Hello Niels,
On Tue, Feb 02, 2021 at 06:09:42PM +0100, Niels Möller wrote:
I've downloaded binary builds of clang for aarch64 from https://releases.llvm.org/download.html. 3.9.1 was the oldest prebuilt toolchain I could find there and 11.0.0 the most recent.
[...]
They also all support the .arch directive:
$ cat t.s .arch armv8-a+crypto pmull v2.1q, v2.1d, v1.1d $ aarch64-unknown-linux-gnu-as -o t.o t.s $ clang+llvm-3.9.1-aarch64-linux-gnu/bin/clang -c -o t.o t.s $ clang+llvm-11.0.0-aarch64-linux-gnu/bin/clang -c -o t.o t.s
Thanks for investigating. The .arch pseudoop it is, then.
I've pushed a change to use that, instead of modifying CFLAGS.
The arm64 branch builds and passes the testsuite on aarch64 and aarch64_be with gcc 10.2 and clang 11.0.1 with and without the optimized assembly routines on my pine64 boards.

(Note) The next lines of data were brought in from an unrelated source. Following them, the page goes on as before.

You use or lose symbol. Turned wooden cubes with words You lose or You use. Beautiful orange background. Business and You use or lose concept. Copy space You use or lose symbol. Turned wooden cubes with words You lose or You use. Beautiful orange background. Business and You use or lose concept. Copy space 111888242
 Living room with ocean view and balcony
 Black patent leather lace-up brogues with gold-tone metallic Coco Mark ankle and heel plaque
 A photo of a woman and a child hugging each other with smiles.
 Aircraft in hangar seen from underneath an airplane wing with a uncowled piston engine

This is with the .arch directive instead of modifying CFLAGS and the new configure option name --enable-arm64-crypto.
Out of curiosity I've also collected some benchmark numbers for gcm_aes256. (Is that a correct and sensible algorithm for that purpose?)
The speedup from using pmull seems to be around 35% for encrypt/decrypt.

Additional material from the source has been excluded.